The First Circuit denied enforcement of the Board's order where one district office out of ten in Rhode Island was certified as an appropriate unit. Metropolitan Life Ins. Co. v. N. L. R. B., 327 F.2d 906, C.A. 1. In this case the Board found that the district office in Woonsocket was an appropriate unit. It was twelve miles away from the nearest office of the Company which was in Pawtucket. There were eight district offices and two detached offices in Rhode Island.
The Board has followed this changed policy throughout the country.

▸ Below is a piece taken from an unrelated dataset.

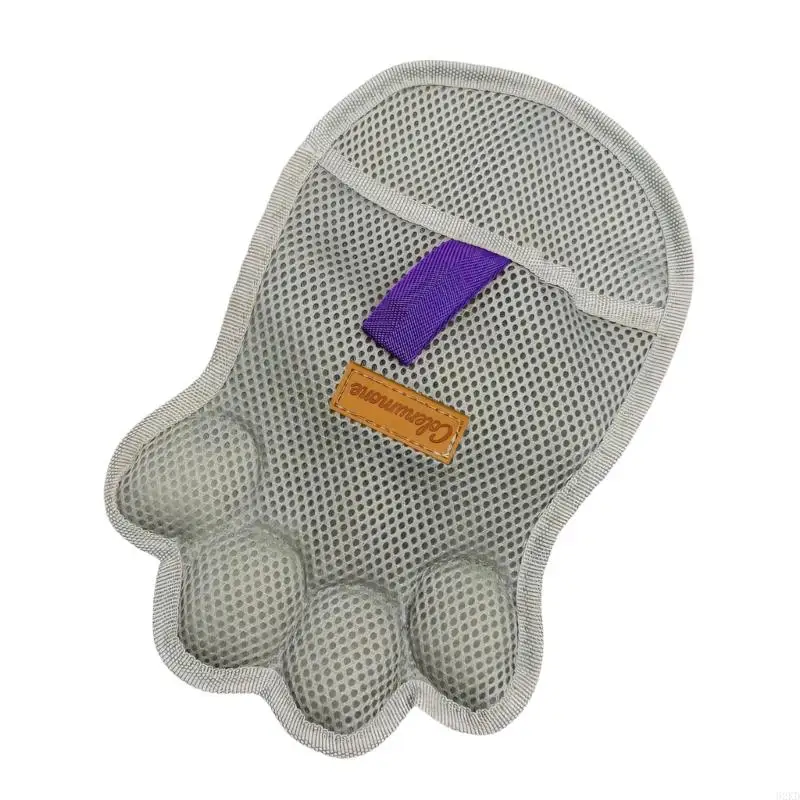 62KD Pet Grooming Gloves Statics Electricity Hair Collector Washable Electrostatic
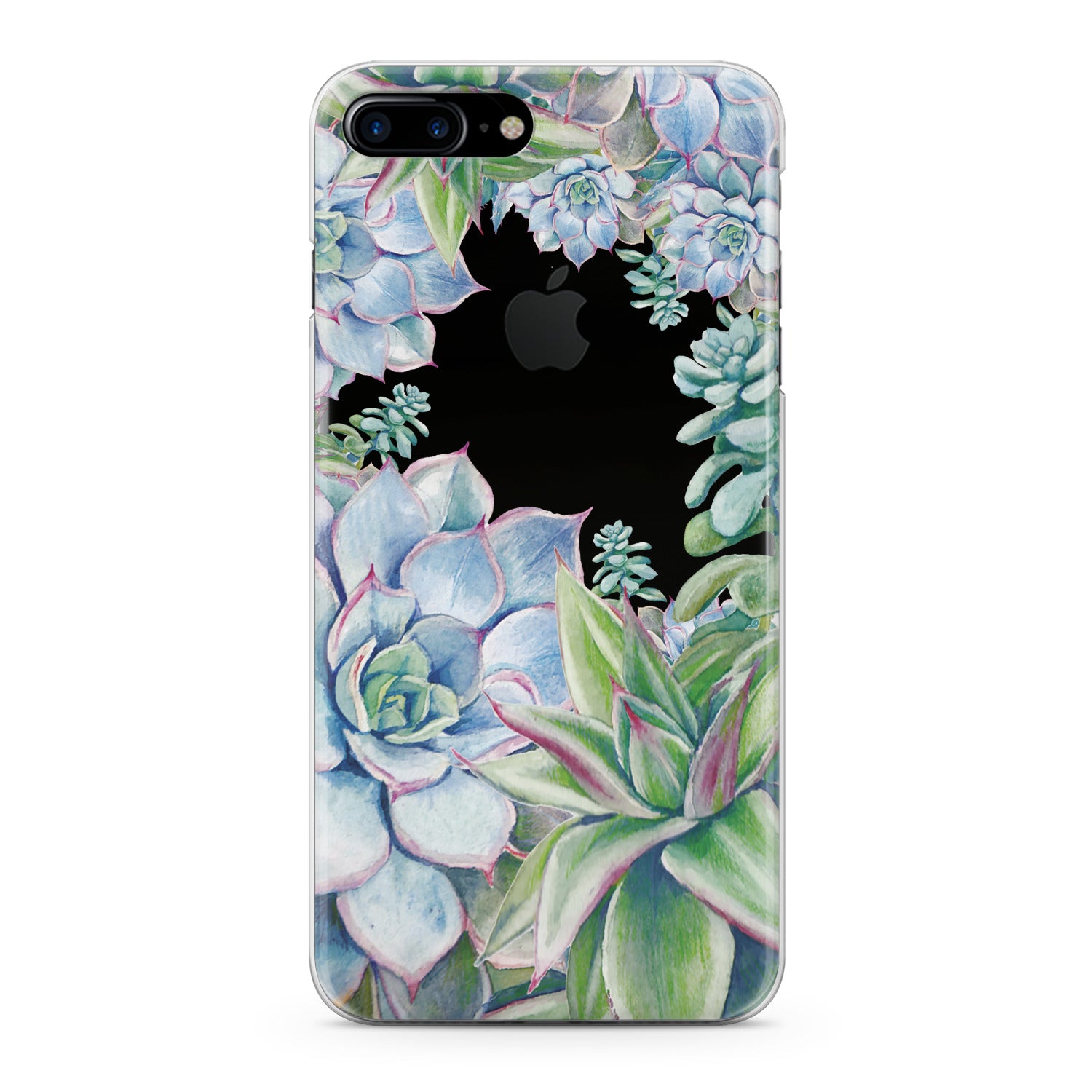 Lex Altern Blue Succulent Phone Case for your iPhone & Android phone.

The Board has the authority under the Act to determine the appropriate unit for collective bargaining. (Section 159(b), Title 29, U.S.C.) It has wide discretionary powers in this respect. What is an appropriate unit is a question of fact to be determined by the Board upon the facts of each case. Its decision will not be disturbed except for an abuse of discretion or violation of the statute. Packard Motor Car Co. v. N. L. R. B., 330 U.S. 485, 67 S.Ct. 789, 91 L. Ed. 1040; Pittsburgh Plate Glass Co. v. N. L. R. B., 313 U.S. 146, 61 S.Ct. 908, 85 L.Ed. 1251; N. L. R. B. v. Prudential Ins. Co., 154 F.2d 385, 388, C.A. 6; N. L. R. B. v. Morgantown Full Fashioned Hosiery Co., 241 F.2d 913, C.A. 4.
A unit as determined by the Board may be co-extensive with union organization but the Act is not violated unless extent of organization is the controlling motive of the Board in making its determination. The Board found here that the grouping of the nine offices in the Cleveland area was justified by "cogent geographic considerations." It was stated in its opinion: "Therefore, as the Petitioner is seeking a unit comprising all of the Employer's offices in a separate and distinct geographic area in the City of Cleveland, Ohio, and as there is no recent history of collective bargaining and no union seeks a broader unit, we find that such a unit may be appropriate for purposes of collective bargaining." 138 N.L.R.B. 512, 515.

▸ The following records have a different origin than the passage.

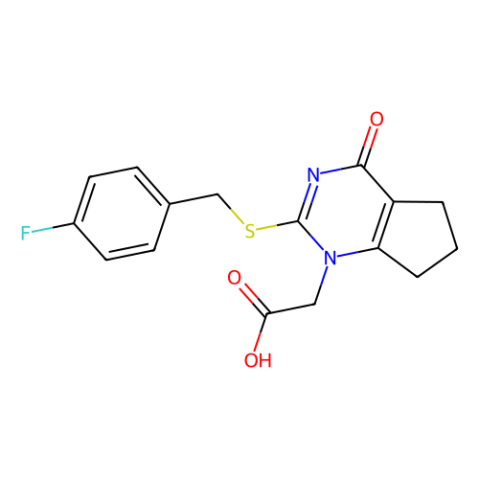 aladdin 阿拉丁 F588853 2-(2-((4-氟苄基)硫基)-4-氧代-4,5,6,7-四氢-1H-环戊二烯并[d]嘧啶-1-基)乙酸 356058-42-9 97%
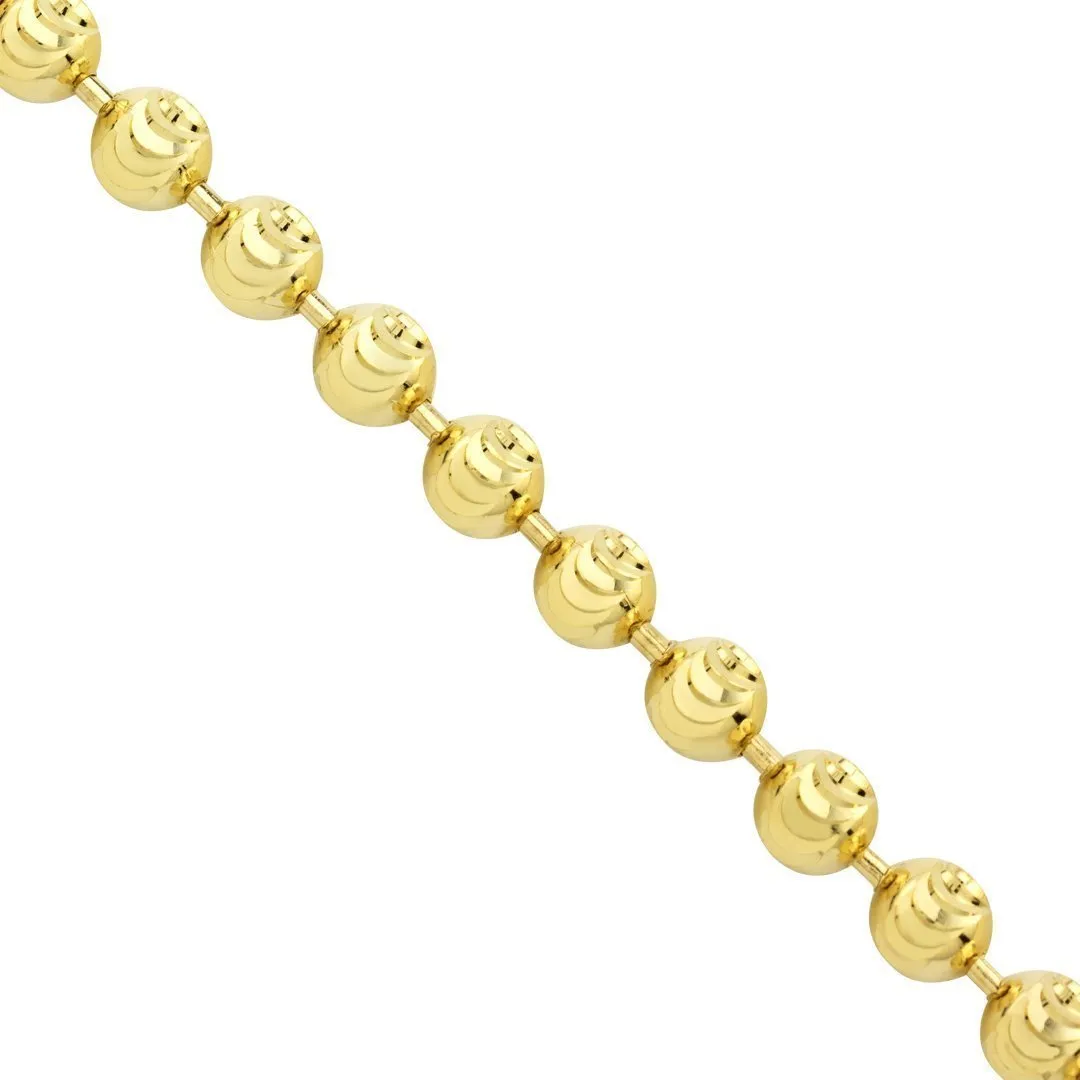 10k Yellow Gold Ball Chain 2.5 mm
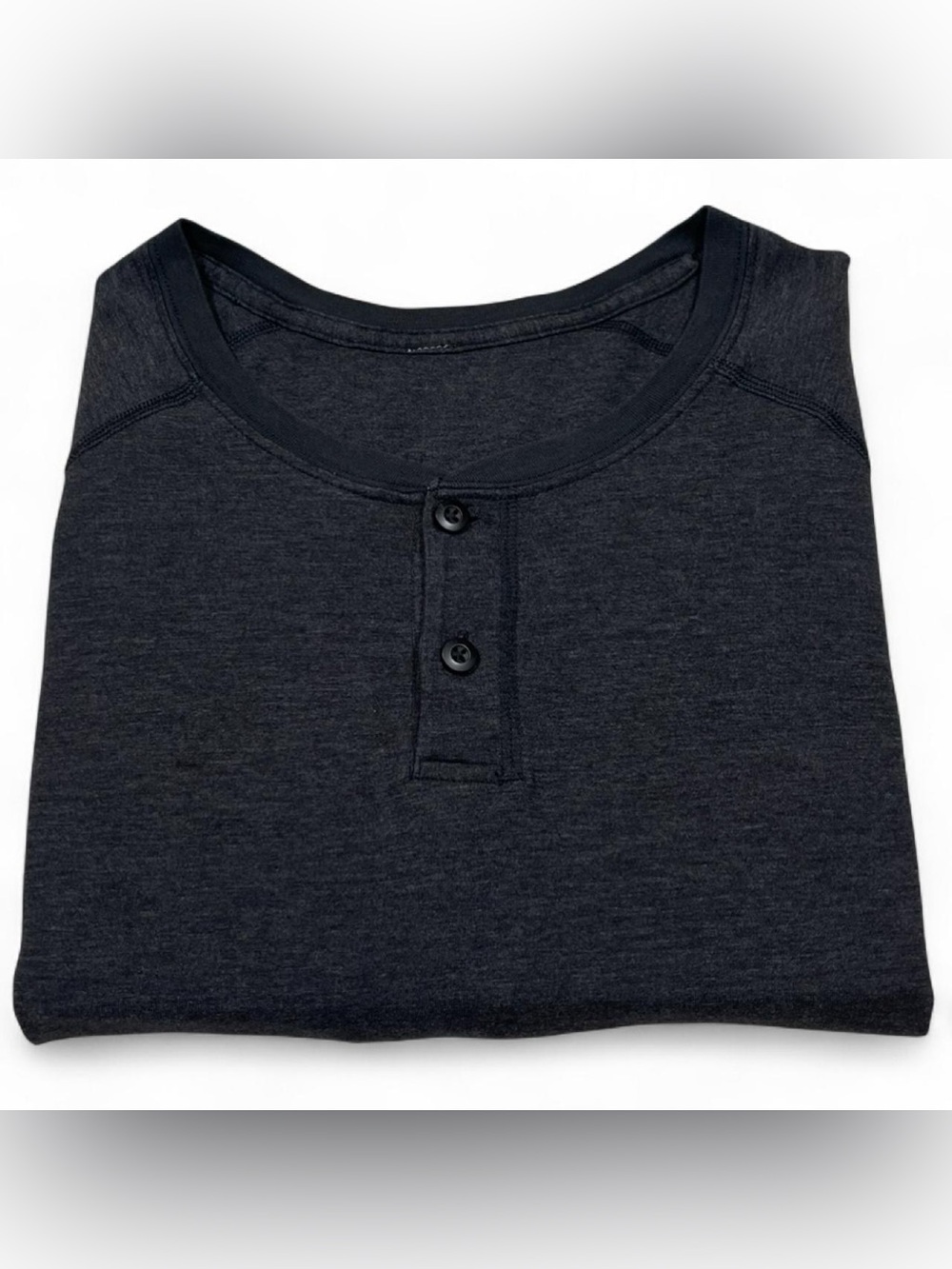 Lululemon Charcoal Grey Henley Men’s Size XL Raglan Sleeve L/S Athletic T-shirt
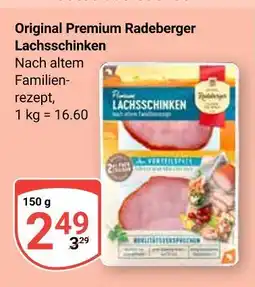 Globus Radeberger original premium lachsschinken Angebot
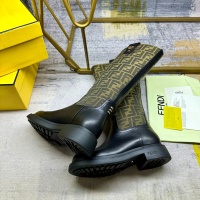 Cheap Fendi Fashion Boots For Women #1258034 Replica Wholesale [$122.00 USD] [ITEM#1258034] on Replica Fendi Fashion Boots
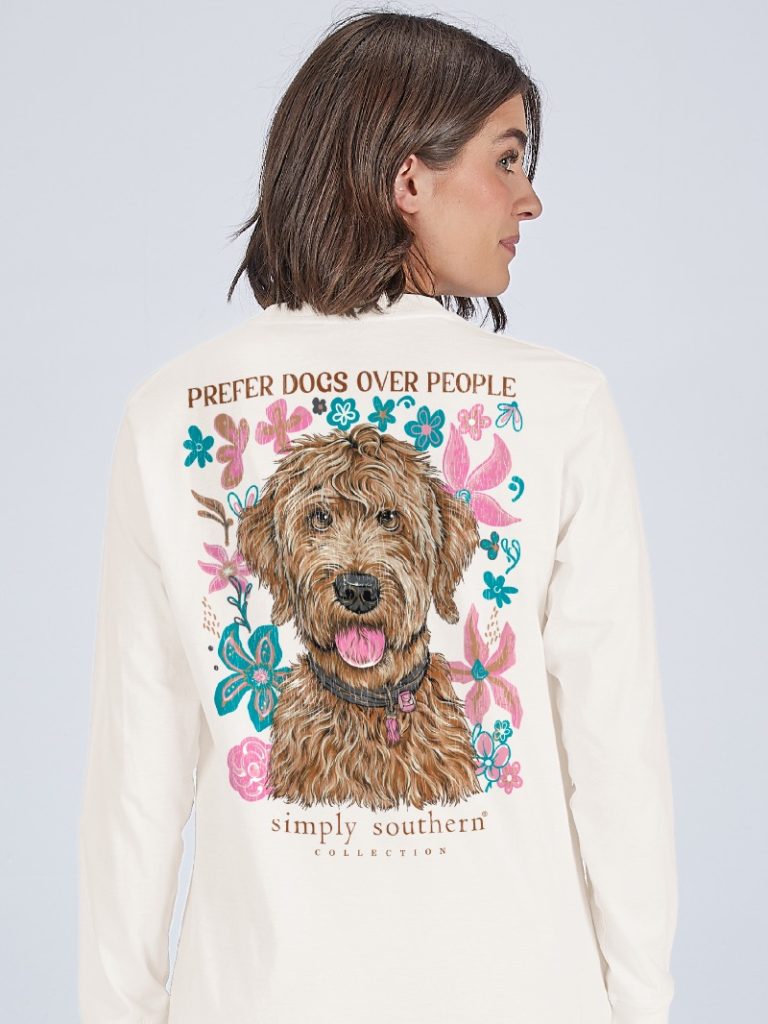 Simply Southern “dog people” Youth long Sleeve Shirt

We conclude that the extent of union organization was not the controlling reason for the Board's determination of an appropriate unit in this case. Geographical considerations were not "simulated grounds" but the actual basis for the Board's decision. The Board did not violate either subsection (b) or (c) (5) of Section 159, Title 29, U.S.C.

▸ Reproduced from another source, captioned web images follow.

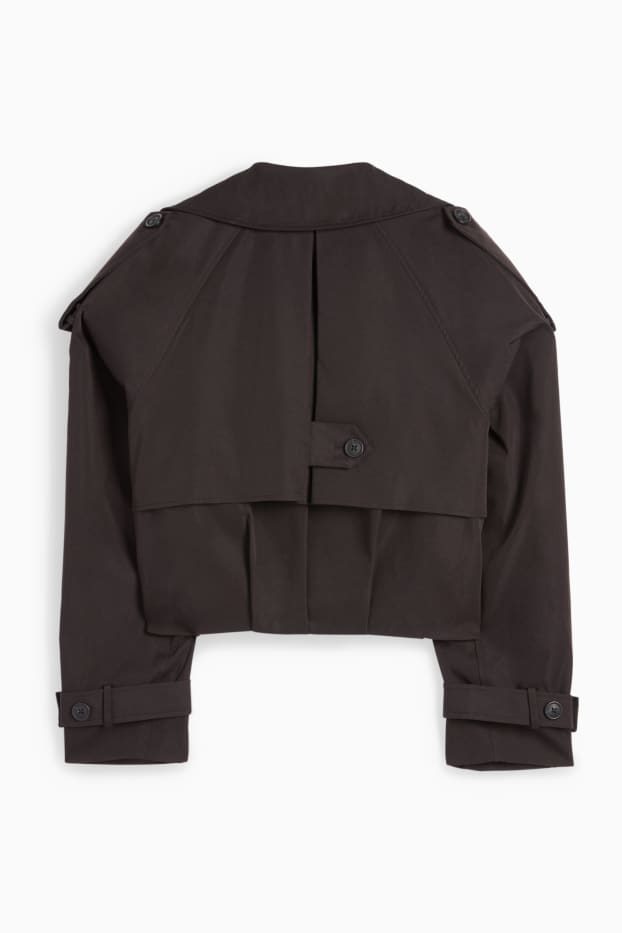 Femei - Trenci crop - negru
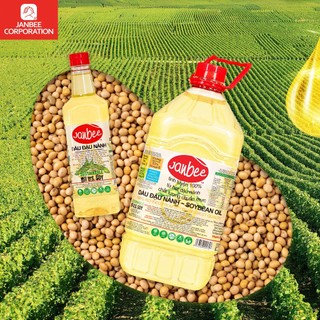 Dầu Đậu Nành Janbee Thùng 5 Lít 4 Chai – Nguyên Chất 100%, Không Trans Fat, Tốt Cho Tim Mạch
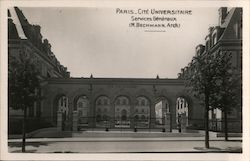 Paris Cite Universitaire Services Generaux France Postcard Postcard Postcard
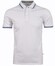 Ragman Piqué Uni Tipping Keep Dry Finish Polo Wit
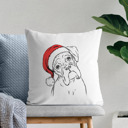 Boxer Santa Hat Dog Breed Throw Pillow Cover - 40+ Dog Breeds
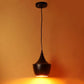 ELIANTE Black Iron Base Black Iron Shade Hanging Light - Dholak-1Lp-S - Bulb Included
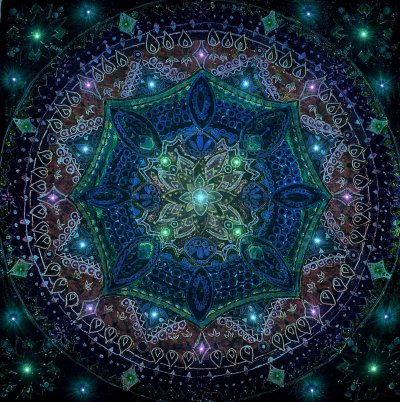 Мандала колодец Акаши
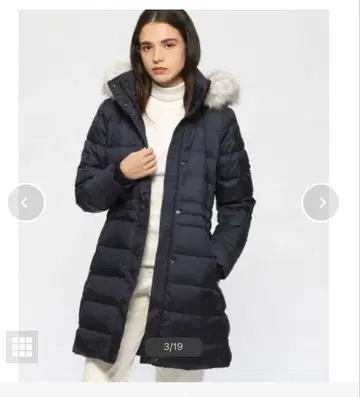 타미힐피거 다운 자켓 롱 자켓 Tommy 네이비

Having determined that the unit for collective bargaining as fixed by the Board is an appropriate unit it follows that the order of the Board (141 N.L. R.B. 1074) must be enforced. It is so ordered.
FootNotes
"(1) to interfere with, restrain, or coerce employees in the exercise of the rights guaranteed in section 157 of this title; * * *
"(5) to refuse to bargain collectively with the representatives of his employees, subject to the provisions of section 159 (a) of this title."